Pudel, das war die Verkehrung der freien Marktwirtschaft. Bier unter zwei Euro. Auf Klo besser nicht hinsetzen. Und morgens nach dem Rauswanken noch mal mit der Bürste unter die Fingernägel. So roch, klang, wirkte ein Ambiente entspannter Arroganz im lebenden Denkmal alternativer Freizeitgestaltung, das in der Geschichtsschreibung bekanntlich gern etwas wunderbarer verklärt wird als die Wirklichkeit gestattet. So hob es sich ab aus der Masse selbsterklärter Clubs mit mehr Substanz als einem Link im Hamburg-Marketing.

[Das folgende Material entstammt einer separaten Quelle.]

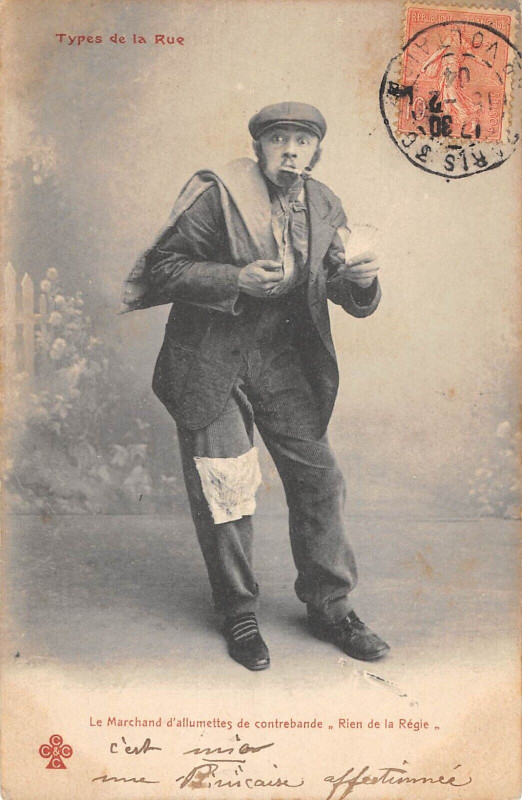 Carte postale ancienne Types De La Rue Le Marchand D'Allumettes De Contrebande Rue De La Regie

Die synchron übereinandergeschlagenen Beine angemessen affektierter Stammgäste auf der Bank am Eingang, das demütige Abwarten des Bedienungsgesprächs an gähnend leerer Theke, der unvergleichliche Mix zeitgenössischer mit rückwärtsgewandter Popkultur zum zukunftsfähigen Sound elaborierten Trashs – all dies wird es so nicht mehr geben, weil dem Wachsen allerorten längst ebenso wenig Zeit gelassen wird wie in den PR-Kulissen von Berlin bis München.

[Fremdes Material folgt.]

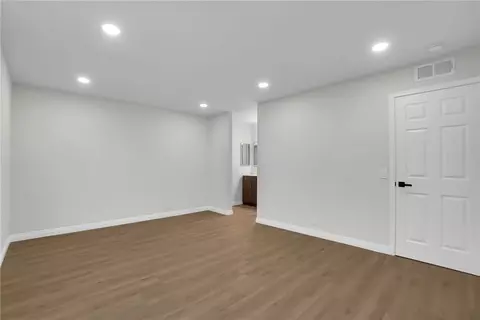 Other - 543 E Lincoln St, Carson, CA 90745 photo 3 of 4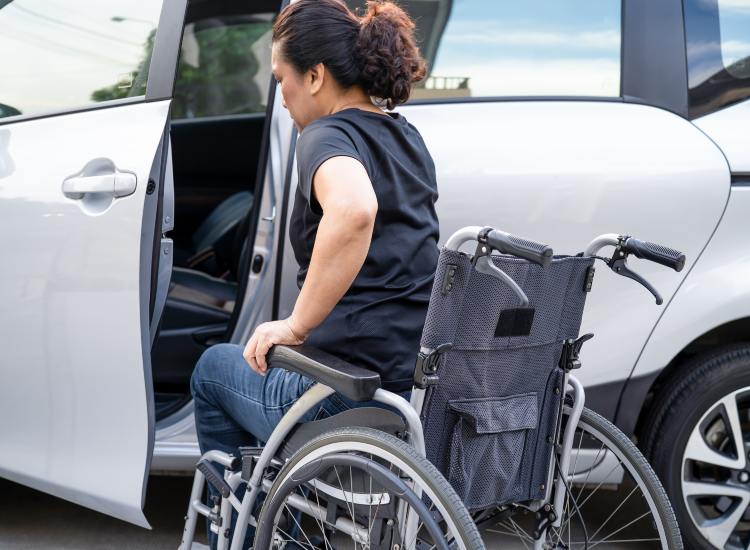 Auto per persone con disabilità - fonte depositphotos.com - autoruote4x4.com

Ein Stück Hamburg, das im Grunde nie und gerade deshalb eines war.

Ob Freizeitpark mit gezüchtetem Dino oder verklärter Clubkultur: Das Leben, lehren uns Realität und Fiktion, findet seinen Weg. Es wird also auch diesmal ersatzweise irgendwo etwas Unbequemes, Ungeputztes, Unformatiertes entstehen. Ein Refugium auf Zeit, das die Rendite auf Dauer eine Weile bestehen lässt, um es dann aufzufressen wie einen drögen Keks.

Wer zwischen Lokalitäten, die Mehrgängemenüs und Flatrateschnaps verkosten, vor dem Pudel stehen bleibt, der trauert, um ein Stück Hamburg, das im Grunde nie und gerade deshalb eines war. Tschüss, Pudel. Im Herzen bürsten wir weiter und hoffen auf ein Wiedersehen irgendwann.